Malam-malam di kampung Kilasah dihiasi dengan cahaya ilmu. Setiap pukul 21.00 hingga 23.00 WIB, para santri dan pemuda dari berbagai usia, mulai dari 12 tahun hingga dewasa, berkumpul dalam majelis ilmu. Suara mereka berpadu, membaca dan mengkaji kitab kuning, menyelami hikmah yang terkandung di dalamnya.
“Pengajian seperti ini juga biasanya dilakukan setelah waktu salat, ada lima kali dalam sehari dan itu biasanya dilakukan di pondok pesantren, tetapi di sini kita mulai dari jam 9 malam sampai jam 11 malam,” jelas Sabihis.
Tak ada keterpaksaan dalam memilih kitab yang dikaji. Segalanya disesuaikan dengan kebutuhan dan minat santri serta warga yang hadir. “Untuk pembahasan kitabnya, kita macam-macam, biasanya disesuaikan dengan keinginan dan kebutuhan dari santri dan masyarakat yang ikut hadir dalam pengajian,” paparnya.

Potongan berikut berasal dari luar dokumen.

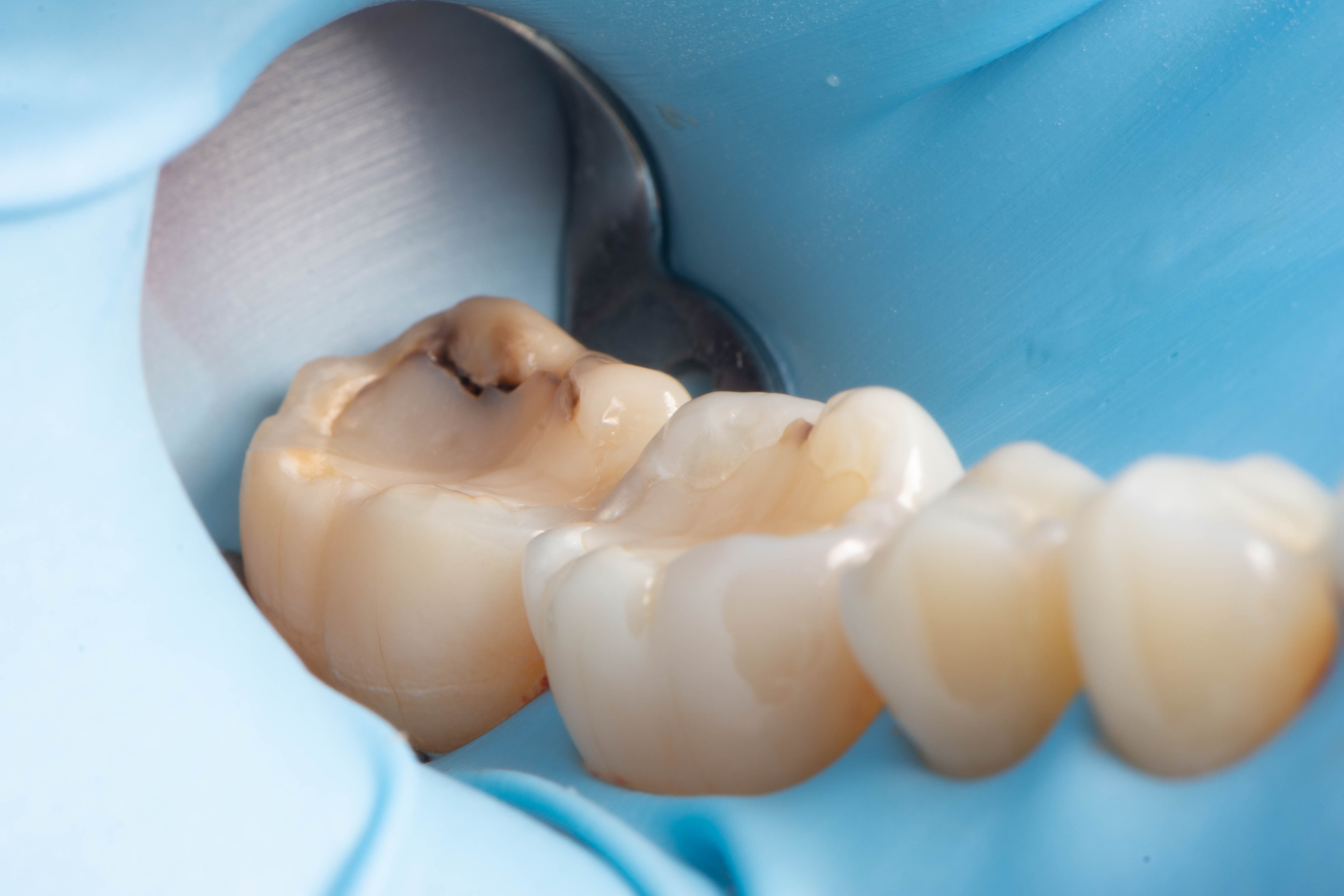 Failing tooth-colored filling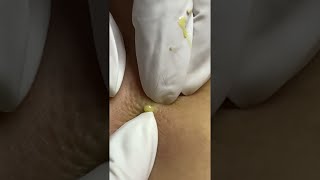 Big Cystic Acne Blackheads Extraction Blackheads amp Milia Whiteheads Removal Pimple Popping shorts [upl. by Mallory837]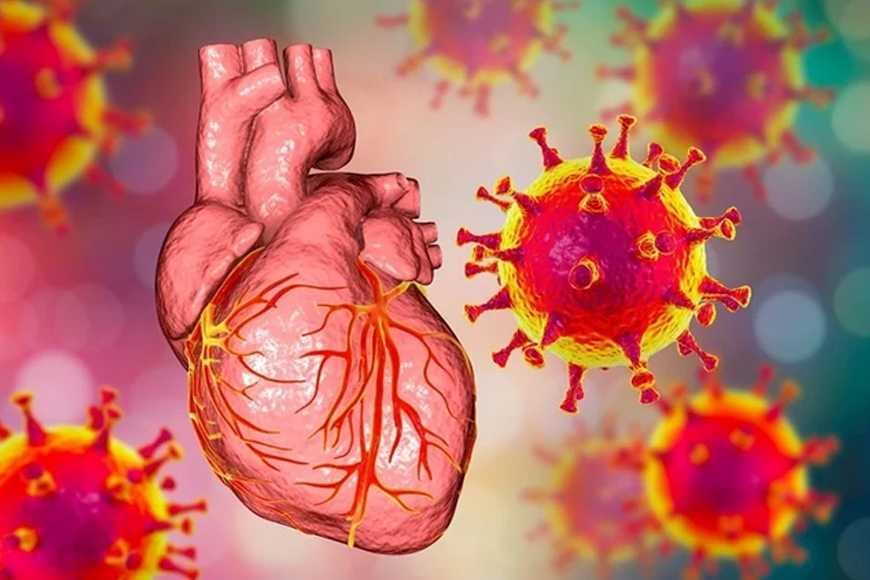COVID-19 vaccination associated with fewer heart attacks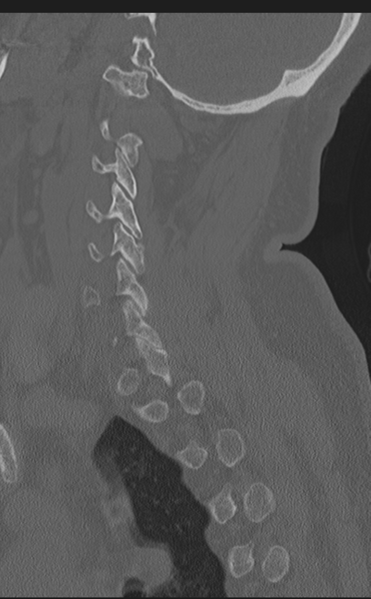 File:Cervical canal stenosis due to ossification of the posterior longitudinal ligament (Radiopaedia 47260-51823 Sagittal bone window 54).png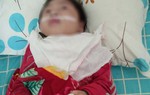 Bé 6 tuổi teo não sau điều trị, Bệnh viện Nhi TƯ khẳng định đã làm hết sức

Tak hanya selepas Isya, menjelang berbuka pun ada lantunan doa yang menghiasi senja. “Ada juga yang dilakukan menjelang buka puasa, itu Dalail Khoirot, mulai dari jam 5 sore, biasanya bacanya itu Dalail dan shalawat,” tuturnya.
Tahun ini, kata ustadz Sabihis, kitab yang menjadi bahan kajian adalah Dardir, yang mengupas kisah perjalanan Isra Mi’raj. Melalui lembaran-lembaran kitab kuning, para santri diajak menyelami jejak sejarah perjalanan Nabi Muhammad SAW, memahami makna spiritual di balik peristiwa agung itu.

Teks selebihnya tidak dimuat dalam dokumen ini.